The humans aren't calling themselves Purebreeds. You have to remember that the story is from the POV of James who is an anthro.



RedNumberIX said:


> I really only found one typo and that was in the paragraph right before the last line of asterisks:
> 
> "The V8 responded with like a horse"



Thanks.  I'll snag that in the next revision.



RedNumberIX said:


> Hmm...I really think (and I say this for a lot of furry stories that involve separate societies) you would benefit from reading stories from the Civil Rights Era for something like this. But a good story none the less. I wish you luck in the competition!



Yeah. it does have a bit to do with racial discrimination. But, I'm not sure if I want to make it a Civil Rights parody, but thanks for your comments.


----------



## Shouden (Apr 12, 2009)

Oh, and I just wanted to mention, that I will be submitting my second entry in here. I changed up what I want to do with it, and I'm liking how it's turing out.


----------



## M. LeRenard (Apr 12, 2009)

You know, one problem with a thread like this is that it destroys the whole anonymous aspect of the judging system.  You post here, everyone knows which story is yours, and may judge accordingly.  Hence why I don't think I'll end up using this thread myself (in case I have any friends or enemies who would alter their score according to what they know of my other works and such).


----------



## Shouden (Apr 12, 2009)

this is true. I did think about that a moment, but whatever.


----------



## ScottyDM (Apr 12, 2009)

A possibility is to post, "I have a story ready and am looking for a critique partner." That way only you and the other person would know which story belongs to who.

Back when Nadan (a.k.a. Nathan Ryan) started the contest we didn't submit our stories, but posted them to some random location on the Web then sent Nadan the link. When I took over the contest in 2006 there were a couple of things I wanted to change: First, give all the stories the same uniform look and feel--previously some were in html and some in pdf, there were different fonts, sizes, colors, and different presentation styles such as paragraph indents (or lack of them). Second, I wanted to hide the authors' names. The purpose was so the judging would be based on the merits of the story.


About _The Long Road_. Shouden, I think you need to go back and reread the description for the theme.

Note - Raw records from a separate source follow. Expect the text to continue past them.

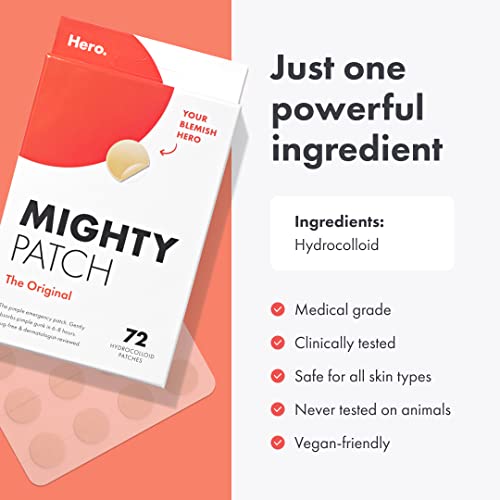 Mighty Patch Original from Hero Cosmetics – Hydrocolloid Acne Pimple Patch for Covering Zits and Blemishes, Spot Stickers for Face and Skin, Vegan-friendly and Not Tested on Animals (72 Count) | The Storepaperoomates Retail Market - Fast Affordable Shopping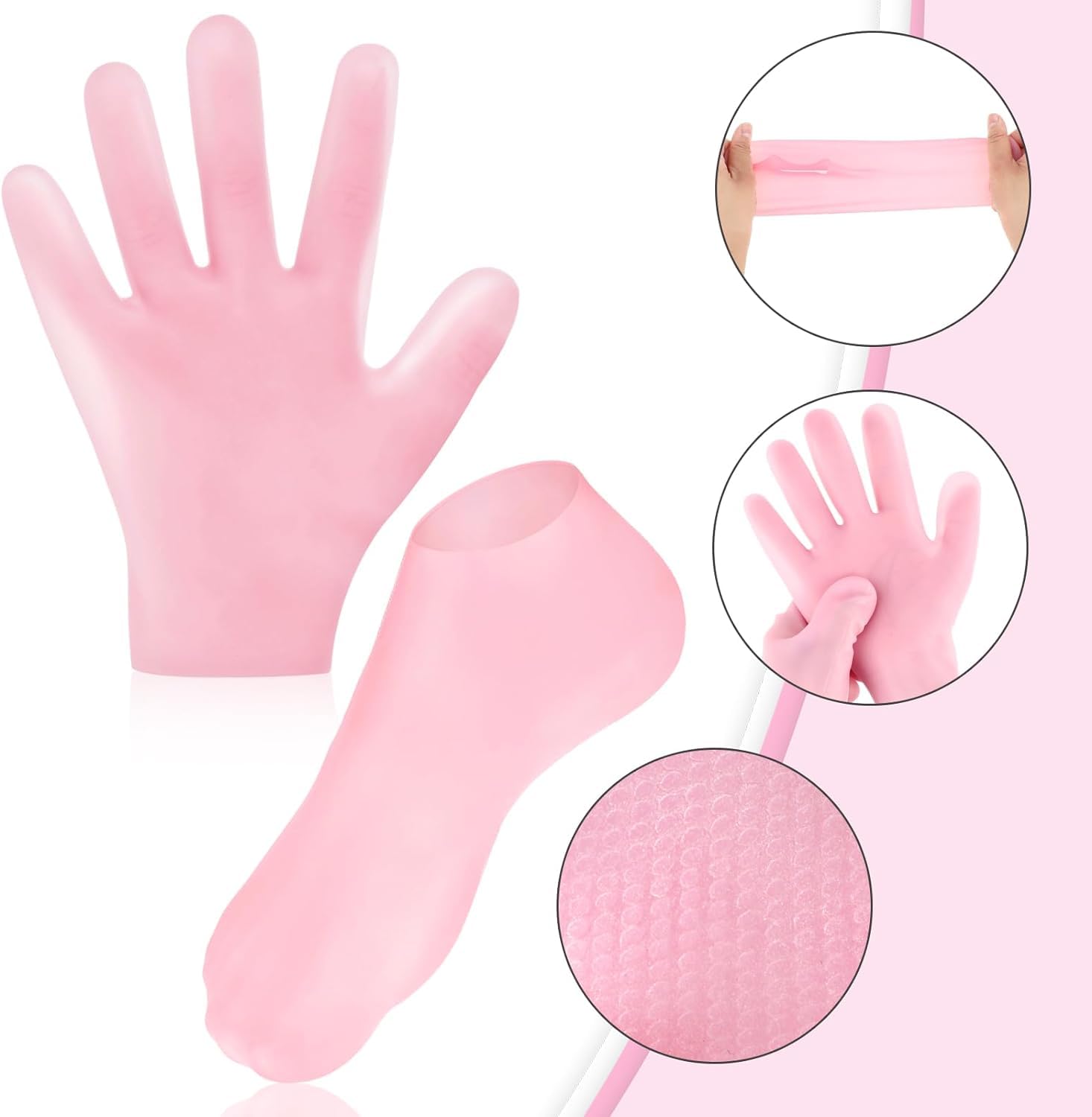 3 pary skarpet nawilżających, silikonowe skarpetki na stopy, silikonowe skarpetki do pedicure, popękane i suche żelowe skarpety, peeling do naprawy suchych stóp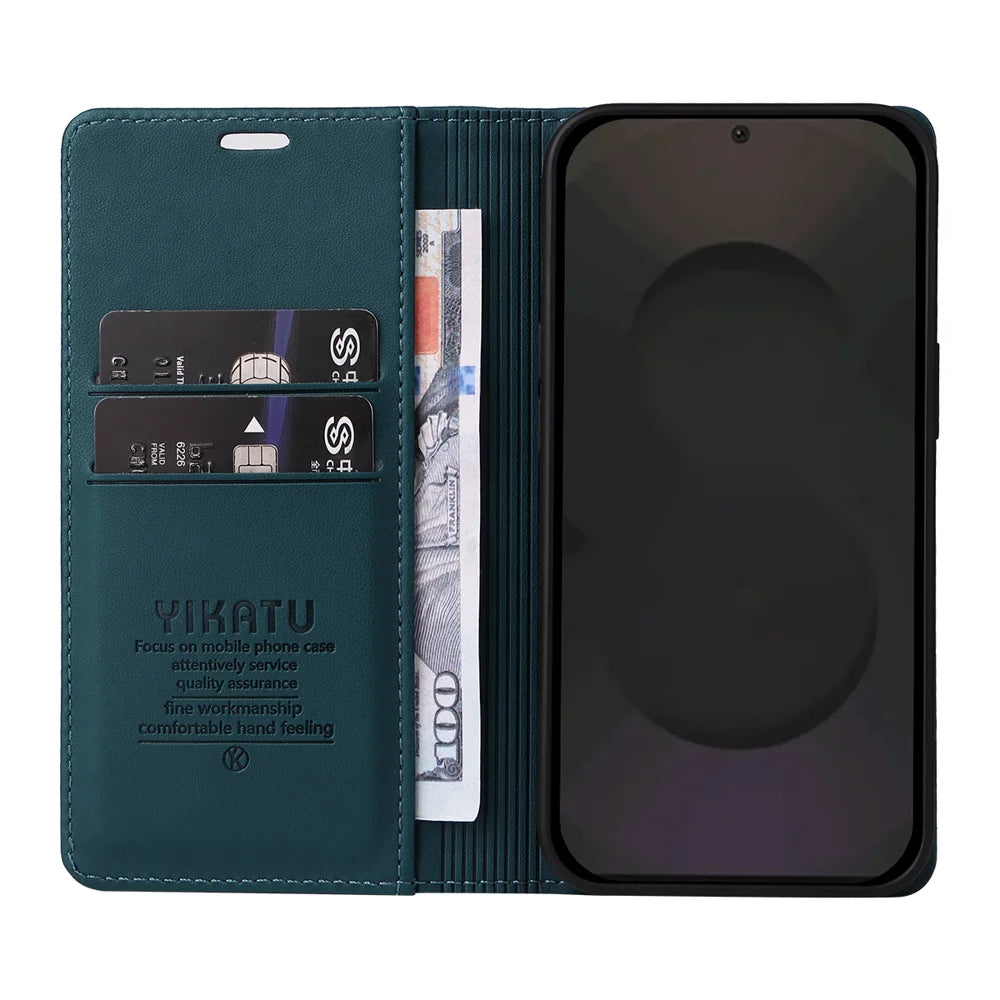 YIKATU For Samsung Galaxy S25 FE Phone Cases  Magnetic Closure PU Leather Mobile Cover - Green - 2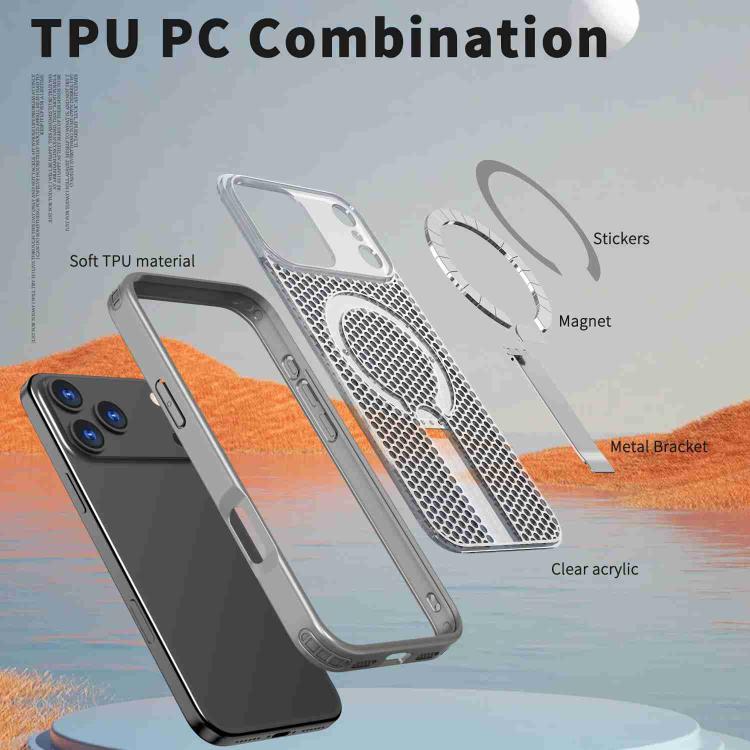 For iPhone 17 Pro Max Honeycomb Cooling MagSafe Holder Phone Case(Titanium Grey) - iPhone 17 Pro Max Cases by buy2fix | Online Shopping UK | buy2fix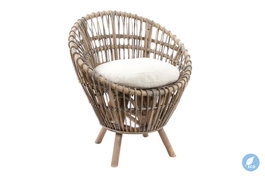 DKD Home Decor Sillón Balines Natural Blanco Ratan Algodón 76 x 65 x 85 cm Con Cojín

If anyone has any questions feel free to send me an e-mail. I will comment on character outlines, plot synopses, and even first drafts. I won't do a detailed critique, but I will comment on large-scale issues. For example if your tiger character is reluctant to go swimming I'll point out that fear of water goes against natural tiger behavior, which is different from most other cats.

Scotty


----------



## Shouden (Apr 12, 2009)

lol. come on. it's a road trip through the stars. *sigh* fine, I think I'm just going to submit one story this time, then, even though, I like "The Long Road" better. but thanks for the comment, at least, Scotty. maybe it'll be ready for another contest.


----------



## ScottyDM (Apr 14, 2009)

Shouden said:


> lol. come on. it's a road trip through the stars.


True, but it misses the point of the theme and one of the major artifacts of the quintessential road trip--meeting the locals and seeing the sights.

S-


----------